» **DATA IN THIS EXERCISE**:
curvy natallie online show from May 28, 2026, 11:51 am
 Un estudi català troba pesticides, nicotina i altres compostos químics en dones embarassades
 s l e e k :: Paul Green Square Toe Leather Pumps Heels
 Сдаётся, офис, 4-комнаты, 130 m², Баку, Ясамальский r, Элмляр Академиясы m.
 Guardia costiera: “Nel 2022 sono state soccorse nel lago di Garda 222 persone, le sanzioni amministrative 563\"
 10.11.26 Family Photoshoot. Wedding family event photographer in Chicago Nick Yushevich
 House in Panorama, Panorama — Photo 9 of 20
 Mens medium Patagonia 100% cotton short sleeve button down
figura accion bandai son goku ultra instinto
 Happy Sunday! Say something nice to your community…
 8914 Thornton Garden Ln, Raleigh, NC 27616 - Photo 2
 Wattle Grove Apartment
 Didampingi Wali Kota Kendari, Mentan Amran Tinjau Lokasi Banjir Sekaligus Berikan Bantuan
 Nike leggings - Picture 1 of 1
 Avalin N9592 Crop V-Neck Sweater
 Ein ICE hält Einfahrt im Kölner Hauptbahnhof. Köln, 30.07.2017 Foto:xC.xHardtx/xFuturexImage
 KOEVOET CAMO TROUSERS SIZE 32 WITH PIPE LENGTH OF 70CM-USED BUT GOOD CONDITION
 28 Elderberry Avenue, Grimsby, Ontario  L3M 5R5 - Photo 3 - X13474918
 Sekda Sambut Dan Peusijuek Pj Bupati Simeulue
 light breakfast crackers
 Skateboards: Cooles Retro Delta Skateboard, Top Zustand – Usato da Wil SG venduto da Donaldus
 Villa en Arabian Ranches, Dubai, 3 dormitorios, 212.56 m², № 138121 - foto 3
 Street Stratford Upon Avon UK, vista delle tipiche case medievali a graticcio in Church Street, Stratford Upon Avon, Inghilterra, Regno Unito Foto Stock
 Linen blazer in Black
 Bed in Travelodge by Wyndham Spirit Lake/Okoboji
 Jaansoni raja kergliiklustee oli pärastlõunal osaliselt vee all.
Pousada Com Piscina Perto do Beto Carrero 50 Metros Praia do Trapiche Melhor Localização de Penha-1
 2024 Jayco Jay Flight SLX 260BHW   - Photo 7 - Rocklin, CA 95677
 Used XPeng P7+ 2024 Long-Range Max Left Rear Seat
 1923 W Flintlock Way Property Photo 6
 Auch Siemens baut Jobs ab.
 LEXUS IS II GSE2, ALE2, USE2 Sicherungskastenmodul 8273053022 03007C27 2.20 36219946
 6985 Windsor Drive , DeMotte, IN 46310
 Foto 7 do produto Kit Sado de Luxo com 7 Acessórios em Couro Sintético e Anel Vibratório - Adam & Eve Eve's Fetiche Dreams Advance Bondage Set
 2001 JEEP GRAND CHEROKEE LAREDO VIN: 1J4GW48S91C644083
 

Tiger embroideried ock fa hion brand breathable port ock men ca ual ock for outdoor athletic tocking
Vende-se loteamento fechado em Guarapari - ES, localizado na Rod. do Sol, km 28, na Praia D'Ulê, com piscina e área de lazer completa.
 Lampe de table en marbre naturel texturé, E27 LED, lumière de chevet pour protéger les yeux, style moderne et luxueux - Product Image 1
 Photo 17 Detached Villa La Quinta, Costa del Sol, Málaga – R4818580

» **WORK ITEM**: Please copy exactly the lines from the first line of the records above through the line containing "Happy Sunday! Say", including both, and nothing more.

» **ANSWER BOX**:
curvy natallie online show from May 28, 2026, 11:51 am
 Un estudi català troba pesticides, nicotina i altres compostos químics en dones embarassades
 s l e e k :: Paul Green Square Toe Leather Pumps Heels
 Сдаётся, офис, 4-комнаты, 130 m², Баку, Ясамальский r, Элмляр Академиясы m.
 Guardia costiera: “Nel 2022 sono state soccorse nel lago di Garda 222 persone, le sanzioni amministrative 563\"
 10.11.26 Family Photoshoot. Wedding family event photographer in Chicago Nick Yushevich
 House in Panorama, Panorama — Photo 9 of 20
 Mens medium Patagonia 100% cotton short sleeve button down
figura accion bandai son goku ultra instinto
 Happy Sunday! Say something nice to your community…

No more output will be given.